Sung in Collins’ pure, angelic soprano, the 12 tracks are all familiar classics from the Beatles’ colossal catalog. “I just chose what I like, though we did limit the selections to Lennon and McCartney. These are their short, sweet, perfect songs,” Collins said.
Among those included on the CD are “Blackbird,” “Penny Lane,” “Norwegian Wood,” “Good Day Sunshine,” “Hey Jude,” “Yesterday,” “The Long and Winding Road,” and “We Can Work It Out.”
“What’s going on in the world today culturally and politically, well, I have a feeling that’s why I did this album now,” said Collins, a longtime social activist. “We’re faced with so many of the same problems. I mean, it’s an enormous struggle for us to get clear of this awful condition that we’ve inadvertently brought upon the planet. Once again, we have to figure out how to live with it and what to do about it. We were in the same boat 40 years ago.”
A relentlessly creative spirit, Collins is also an accomplished painter, actor (she appeared in Bob Balaban’s theatrical production of “The Exonerated” in 2003), filmmaker (her documentary about her classical piano instructor, conductor Antonia Brico, received an Oscar nomination in 1974), record label head (founded in 1999, Wildflower Records releases not only Collins’ albums but also those of half a dozen other artists), and in-demand keynote speaker for mental health and suicide prevention organizations, a role she took on after her only son killed himself in 1992.
Also an author, Collins’ newest book, “The Seven T’s: Finding Hope and Healing in the Wake of Tragedy,” published in May, helps guide readers through grieving the loss of a loved one who has died under tragic circumstances.
Through it all, Collins, who has been open about her past battles with depression and substance abuse, has lived a life informed by a positive outlook. “It’s not what happens to you, it’s the attitude you bring to it,” she affirmed in a prepared statement.
Collins launched her recording career at age 22 with her 1961 guitar-based folk debut, “A Maid of Constant Sorrow.” Her 1966 album, “In My Life,” was considered a major departure for a folk artist and paved the way for her work over the next decade.
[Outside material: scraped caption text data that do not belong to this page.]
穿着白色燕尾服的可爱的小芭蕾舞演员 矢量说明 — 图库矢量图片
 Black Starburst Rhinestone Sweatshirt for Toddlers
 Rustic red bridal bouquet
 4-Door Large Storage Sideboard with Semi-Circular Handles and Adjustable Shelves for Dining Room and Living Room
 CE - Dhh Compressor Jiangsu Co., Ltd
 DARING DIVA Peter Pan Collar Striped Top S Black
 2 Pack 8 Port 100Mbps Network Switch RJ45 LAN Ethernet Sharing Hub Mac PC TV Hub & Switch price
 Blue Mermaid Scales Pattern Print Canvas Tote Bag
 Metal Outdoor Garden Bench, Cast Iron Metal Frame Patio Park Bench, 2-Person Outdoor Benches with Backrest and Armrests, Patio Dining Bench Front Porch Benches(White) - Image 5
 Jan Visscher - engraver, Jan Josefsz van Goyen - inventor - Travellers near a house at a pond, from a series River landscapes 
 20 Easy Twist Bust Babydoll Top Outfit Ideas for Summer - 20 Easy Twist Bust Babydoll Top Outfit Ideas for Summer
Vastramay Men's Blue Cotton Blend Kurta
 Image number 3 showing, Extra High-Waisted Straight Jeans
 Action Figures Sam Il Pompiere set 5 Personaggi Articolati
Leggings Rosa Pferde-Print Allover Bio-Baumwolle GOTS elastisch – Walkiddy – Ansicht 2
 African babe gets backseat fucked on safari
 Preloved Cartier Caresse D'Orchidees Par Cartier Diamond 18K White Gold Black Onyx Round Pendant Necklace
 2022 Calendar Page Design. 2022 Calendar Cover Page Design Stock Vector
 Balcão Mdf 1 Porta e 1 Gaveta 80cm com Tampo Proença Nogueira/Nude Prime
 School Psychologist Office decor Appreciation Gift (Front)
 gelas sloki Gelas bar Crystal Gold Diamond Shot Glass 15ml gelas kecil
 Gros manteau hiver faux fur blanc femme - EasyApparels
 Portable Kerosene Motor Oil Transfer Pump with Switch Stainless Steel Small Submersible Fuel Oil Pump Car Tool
On her 1967 album, “Wildflowers,” she began to record her own compositions and earned her first gold record and major hit, the Grammy-Award winning “Both Sides Now.”
By the 1970s, she was known for her versatility and range, scoring hits with both the traditional Christian hymn “Amazing Grace” and Stephen Sondheim’s Broadway ballad “Send In the Clowns,” which also earned her a Grammy Award in 1975.
Over the years, Collins has continued to release albums, including several beloved Christmas records in the ’90s, as well as 2005’s “Portrait of An American Girl,” which featured several of her own compositions. With “Judy Collins Sings Lennon & McCartney,” she revisits the interpretive gifts that made her a star.
Over the course of her career, Griffith has proven herself to be a master musician as well as an adept interpreter of other writers’ songs. Since her Rounder/Philo debut album, the “Queen of Folkabilly” (Rolling Stone), in 1978, she has recorded more than 20 albums, including the Grammy Award-winning “Other Voices, Other Rooms.” In 1989, she contributed “The Wexford Carol” to the Chieftains’ Grammy Award-winning album, “A Chieftain’s Celebration.”
Griffith’s critically acclaimed album, “Ruby’s Torch,” released last November, is a collection of intimate torch songs, some penned by her, others by some of her musical heroes such as Willie Nelson, Tom Waits and Jimmy Webb. Recently, Griffith was a featured guest on NPR’s “Wait Wait … Don’t Tell Me.”